Grab your FREE guide: How to get your book noticed with fantastic results! & follow Belinda on Twitter @SmartAuthors.


  1. Daniella Shepard on May 18, 2018 at 6:42 am

    Love this article. This nails it in terms of building strategies and setting goals for what you want to achieve. I think many people, whether they are writing a book or trying to get in shape set out with vague goals and get discouraged. Please do a second guest blog! Following!

  2. Penelope Jean Hayes on May 18, 2018 at 11:25 am

    Hi Rachel and Belinda, Oh how I need to win the one hour consultation!

  3. KJ Waters on May 18, 2018 at 1:18 pm

    Great post Belinda! I see so many authors just throwing together random strategies, I love how you focus us all onto something that is reaching towards a specific goal.

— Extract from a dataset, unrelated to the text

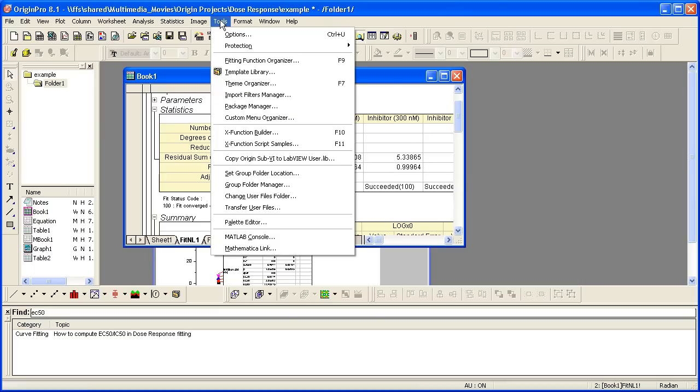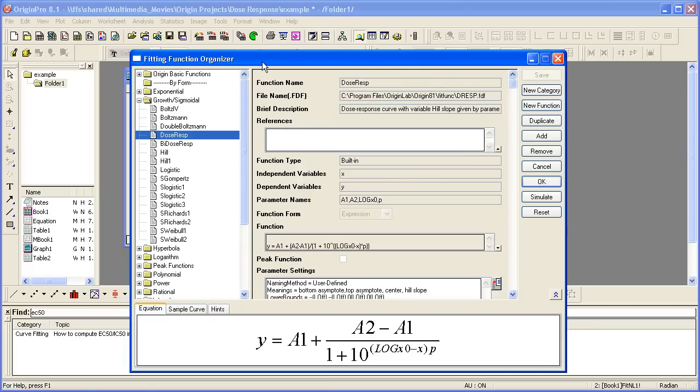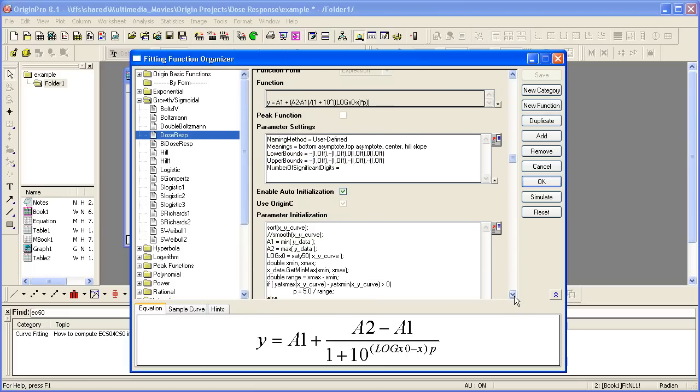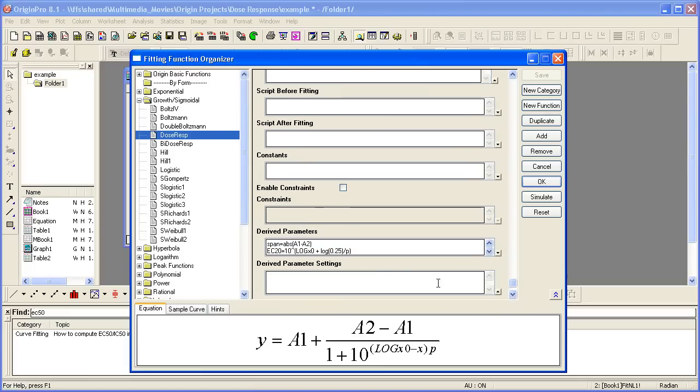We're then going to open up the Fitting Function Organizer. I select the function from the list on the left, and this is where I can edit the function itself. Scrolling down, I'm going to get to the derived parameters list.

  4. Dr.J on May 18, 2018 at 7:16 pm

    Excellent info. I keep learning. Thanks, Rachel.

  5. Sarah Linx on May 18, 2018 at 9:17 pm

    This article has some great points. I am still trying to develop a strategy that works for me.

  6. Karen Booth on May 19, 2018 at 4:41 am

    Fantastic piece. The biggest takeaway for me was your point about what a mistake it is to employ the tactics of authors who publish on a different schedule. It’s so easy to get caught up in so-and-so did X, Y, and Z and they sold a zillion books, but it rarely seems to work. Thanks for that!

  7. Dylann on May 19, 2018 at 6:52 am

    Incredibly important info! Thanks for breaking it down!

  8. Dana Lemaster on May 19, 2018 at 7:55 am

    Thanks, Rachel and Belinda, for a thought-provoking post. Developing a marketing plan is harder and more daunting to me than writing my book! The tips in the post will definitely help.

  9. Carolyn Astfalk on May 19, 2018 at 8:06 am

    Great tips. It’s all very sound – but I still seem to be failing. So, yeah, I need that one-hour consultation too.

  10. Jennifer on May 19, 2018 at 1:56 pm

    Thank you for this blog post, I really need to organise myself so I am definitely going to implement all of this into my planning. x

  11. Karen Hugg on May 20, 2018 at 7:50 am

    Thanks for this article. Thanks to Rachel, I realized awhile ago I needed to attract people interested in what I’m interested in to my blog, not other writers. I started doing that and while my social media followers jumped, my readers didn’t because I wasn’t posting enough! Since last winter, I finally got that. I’ve decided 2018 is the year I start to actually post more blog content and grow my email list and start a newsletter. It’s worked pretty well so far. The more posts, the more likes, the more views. Also, I was in the dark about SEO and now I’m turning that around. Now I’m just trying to figure out if I should self-publish or keep submitting to agents (who keep asking for work and then passing, ugh.) Anyway, marketing is a long road but I’m working on it little by little! Thanks again.

  12. Jessica C. Joiner on May 20, 2018 at 12:23 pm

    This article was dead on. As an author just starting out in marketing, I hear a lot of “do this” and “you HAVE to do that” without much guidance on the whys and hows. I need to decide on my strategy and make sure my tactics are supporting my goals.


  13. Belinda Griffin on May 23, 2018 at 6:43 am

    Thanks Daniella! You’re absolutely right, vague goals mean it’s easy to let them slip, because you were never too concrete about them in the first place. Anyone can say “I want to sell more books”. But if you say “I want to sell 100 books”, or 1,000 or 10,000, now that’s a whole different thing!

  14. Iola on May 24, 2018 at 2:03 pm

    I’m always amazed at how many people don’t understand the difference between strategy and tactics. That’s partly because there are so many blog posts referring to things like advertising as strategies, and not enough blog posts making the difference clear.

    Or maybe it’s because tactics are easier …

    Anyway, this post is a great reference. Thank you.